Por supuesto, lo había visto antes miles de veces, al fin y al cabo era un icono de Las Vegas: treinta pisos de cristal negro, la pirámide de Luxor elevándose más de cien metros en el cielo del desierto. Un obelisco y la Gran Esfinge de Gizeh señalaban la entrada, pero el verdadero símbolo estaba en la cúspide, un haz de luz apuntando hacia lo más alto, agujereando la oscuridad, el faro más brillante del planeta proyectando la insana luminosidad de cuarenta y un gigacandelas, más que suficiente para cegar a un piloto desprevenido acercándose al aeropuerto McCarran de Las Vegas. Se dirigió hacia el edificio de cristal y se deleitó con la perfección matemática de aquellas caras triangulares. Su mente se llenó con las ecuaciones geométricas de pirámides y triángulos, y un nombre se deslizó con delicadeza de sus labios:

– Pitágoras.

Antes de que Mark se sentara a la tranquila barra del asador que había en la planta del casino, echó una ojeada a la propiedad como si fuera un posible comprador. No era el Constellation, pero se vendían un montón de tíquets.

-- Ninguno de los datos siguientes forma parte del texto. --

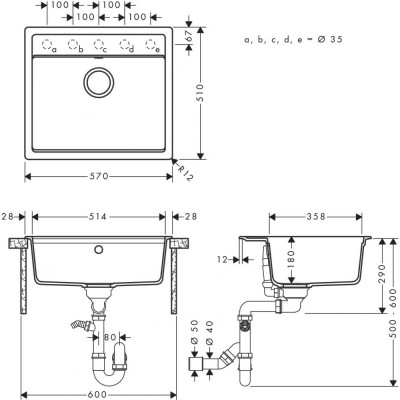 Кухонна мийка Hansgrohe S52 S520-F510 43359170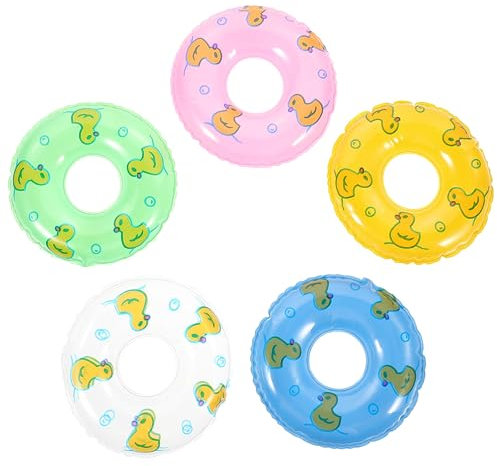 5pcs Miniature Duck Swimming Ring Ornaments - Mini Swimming Float for 1 6 or 1 12 Dollhouses Cute Decor for Diy Projects and Photography Props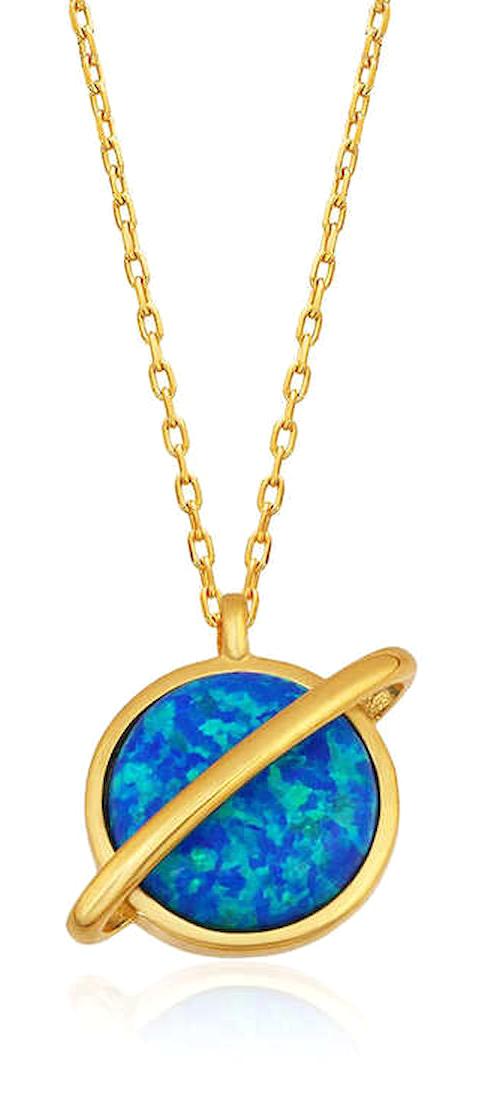 Lucky Life Gezegenli Mavi Opal Taşlı 925 Ayar Kararmayan Forse Zincir Kadın Gümüş Kolye 45 cm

Le gustaban esos llamativos diseños jeroglíficos en las alfombras de color dorado, rojo y lapislázuli, el imponente vestíbulo con recreaciones de las estatuas del templo de Luxor y la calidad museística de la maqueta de la tumba de Tutankamón. Sí, era bastante kitsch, pero, por Dios bendito, estaba en Las Vegas, no en el Louvre.

Se bebió su segunda Heineken y consideró cuál sería su siguiente movimiento. Había localizado las salas de apuestas altas tras unos separadores de cristal esmerilado en la parte de atrás del casino. Tenía dinero en el bolsillo y sabía que aunque se negara a llevar la cuenta en su cabeza podría divertirse en las mesas durante unas horas. Al día siguiente era viernes, día de trabajo, y su despertador sonaría a las cinco y media. Pero esa noche le parecía realmente excitante eso de estar en un nuevo casino. Era como una primera cita, y se sentía tímido y estimulado.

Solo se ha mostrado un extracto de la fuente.